When compared with influenza vaccine, mRNA-based COVID-19 vaccines were associated with a significantly higher incidence of HZ (ROR 1.9; 95% CI 1.8–2.1) in an analysis of 716,928 reports submitted to the World Health Organization (WHO) database of spontaneous safety reports (VigiBase) up to 30 June 2021 [45]. This analysis found a reduced risk of HZ reporting among individuals aged ≤ 40 years when compared with older individuals (ROR 0.39; 95% CI 0.36–0.41).

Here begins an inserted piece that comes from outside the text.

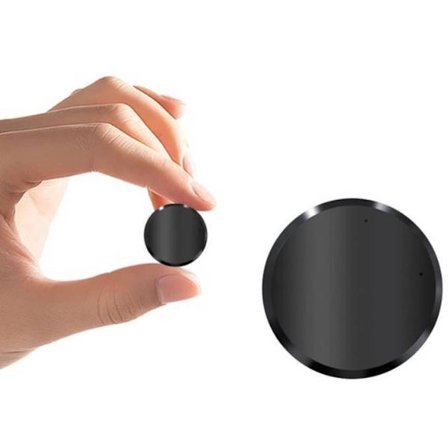 Mini GPS-paikannin autoon, vahva magneetti, vedenpitävä ja näkymätön paikannin, aito - korkealaatuinen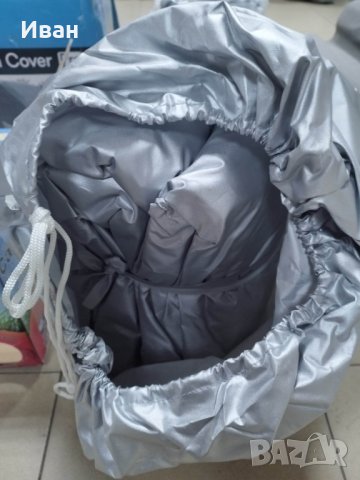 Ново! Покривало за каравана Crusader с размер на покриване 520-580 см., снимка 8 - Палатки - 39106340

Several pharmacovigilance studies have reported dermatological reactions, including HZ, after receipt of COVID-19 vaccination. Approximately 10% (n = 41/405) of dermatological reactions occurring within 21 days of receipt of any COVID-19 vaccination (BNT162b2, 40.2%; mRNA-1273, 36.3%; AZD1222, 23.5%) were attributable to HZ according to a nationwide, multicentre, observational study endorsed by the Spanish Academy of Dermatology [46]. HZ was also the most common cause of sick leave after COVID-19 vaccination (25.9%; n = 15/58 cases) [46]. Of note, 34/41 cases of HZ occurred in individuals who received an mRNA vaccine, whereas 7/41 cases occurred following receipt of the AZD1222 viral vector vaccine [46]. Low incidences of HZ have been reported in smaller analyses of dermatological reactions in an international COVID-19 dermatology registry (0.5%, n = 4/803 [47] and 2.4%, n = 10/414 [48]) as well as in a multicentre Turkish study (4.4%, n = 8/183) [49].

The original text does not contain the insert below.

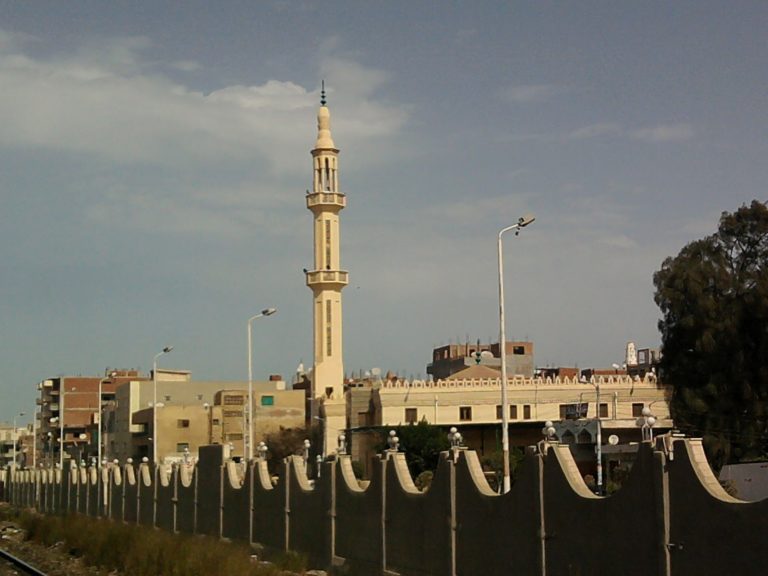  تاريخ مركزومدينة ههيا بمحافظة الشرقية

Some analyses have reported an association between vaccination against COVID-19 and HZ ophthalmicus (HZO) [50,51,52,53]. Of note, the VAERS database received 983 and 180 reports of COVID-19-associated HZO and herpes simplex ophthalmicus, respectively, between 11 December 2020 and 1 July 2022 [53]. A majority of cases of HZO (61.3%) occurred within 2 weeks of vaccination. On the basis of these reports, the incidence of HZO and herpes simplex ophthalmicus in the USA was estimated to be 0.25, 0.22 and 0.47 cases per million doses for BNT162b2, mRNA-1273 and Ad26.COV2.S, respectively [53].

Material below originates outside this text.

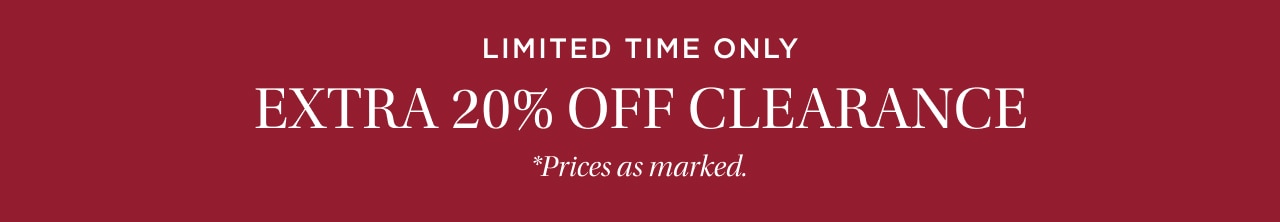 shop clearance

Trends in the Uptake of HZ Vaccines during the COVID-19 Pandemic

Routine vaccinations were disrupted by the COVID-19 pandemic. In the case of recombinant zoster vaccine (RZV), this is evidenced by comparing vaccination rates among US Medicare beneficiaries aged ≥ 65 years in 2020, after the onset of the pandemic, with vaccination rates during the same weeks in 2019, before the onset of the pandemic. Thus, when compared with 2019 data, an immediate 62% decrease in RZV vaccination rates was observed during the first week after the national declaration of the pandemic (13 March 2020), and a nadir of 89% below 2019 levels occurred from 12–18 April 2020 before rebounding to a rate that was 43% below 2019 levels during the week of 12 July 2020 [54]. The potential impact of this decrease in vaccination rates on HZ cases and complications was estimated by using a Markov model with the assumption that there was an overall 43% reduction in RZV use between April and December 2020 (i.e. 3.9 million persons missed initiating the RZV series). In 2020, the interruption in vaccination may have resulted in 31,945 avoidable HZ cases and 2714 cases of post-herpetic neuralgia [55]. These results highlight the potential impact of the pandemic on routine RZV vaccination, especially if a high proportion of individuals remained unvaccinated throughout 2020, although the impact would have been lower if actual vaccination rates continued to increase between July and December 2020. As such the hypothetical scenarios investigated in the model, including the estimated proportion of individuals remaining unvaccinated, may not have occurred in reality.